Ini juga contoh kecil dari kerja cerdas, bukan kerja keras. Kamu tidak perlu buat produk baru atau posting lebih sering. Kamu cuma perlu satu langkah lebih jauh dalam memahami siapa yang kamu jual ke, dan itu bisa mengubah hasil tanpa nambah jam kerja sama sekali.

Pertanyaan yang Sering Muncul

Kenapa fungsi produk saya sudah bagus tapi tetap kalah sama kompetitor yang produknya biasa saja?

Karena kompetitor kamu mungkin sudah lebih dulu ngomong ke rasa, bukan cuma fungsi. Orang tidak selalu pilih yang objektif paling bagus, mereka pilih yang bikin mereka merasa paling dimengerti.
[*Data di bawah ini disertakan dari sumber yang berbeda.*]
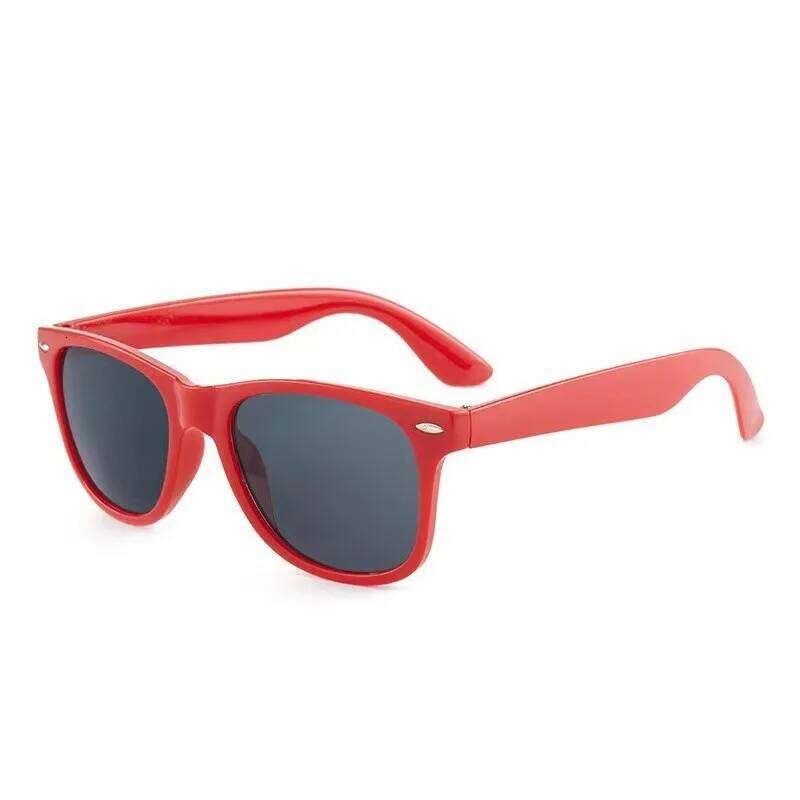 2025 Children's Rice Nail Fashion Show Sunglasses Color blocked Sunscreen Glasses for Boys and Girls H260130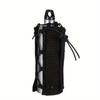 Adjustable Drawstring Water Bottle Pouch,Water Bottle Molle Pouch Bag,Portable Water Bottle Carrier Bag, Suitable For Travel, Outdoor Sports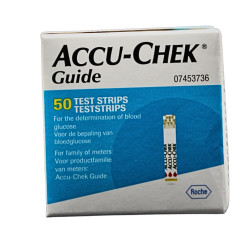 ACCU-CHEK GUIDE ST50 7453736020 - 50 ACCU-CHEK GUIDE ST50 7453736020 - 50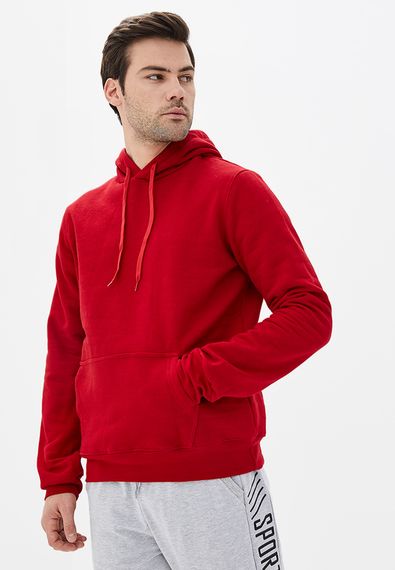 Худі для чоловіків червоний, 3XL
Kalau kompetitor kamu bicara ke rasa aman atau rasa diakui, sementara kamu masih bicara spesifikasi, mereka menang duluan di level emosi sebelum orang sempat bandingkan kualitas.

Apakah saya perlu ganti seluruh produk saya kalau ternyata rasa yang saya jual selama ini salah?

Tidak perlu ganti produk. Yang perlu diganti biasanya cuma cara kamu ngomong soal produk itu, di caption, di deskripsi, di cara kamu jawab chat calon pembeli. Produk kamu mungkin sudah benar, cuma pesannya yang belum nyambung ke rasa yang tepat.

Bagaimana kalau rasa yang saya temukan ternyata beda-beda tiap pembeli?

Wajar. Pilih satu rasa yang paling sering muncul dan paling kuat, lalu jadikan itu pesan utama kamu. Kamu tidak bisa dan tidak perlu bicara ke semua rasa sekaligus. Satu rasa yang tajam lebih kuat dari lima rasa yang samar-samar.

Apakah ini cuma soal copywriting, atau memengaruhi cara saya bikin produk juga?

Dua-duanya. Begitu kamu tahu rasa yang sebenarnya dicari orang, kamu bisa sesuaikan detail kecil di produk atau jasa kamu supaya rasa itu makin terasa. Kalau rasanya “lega tidak berantem soal PR”, mungkin kamu bisa tambah laporan singkat ke orang tua tiap minggu biar rasa lega itu makin nyata, bukan cuma di iklan.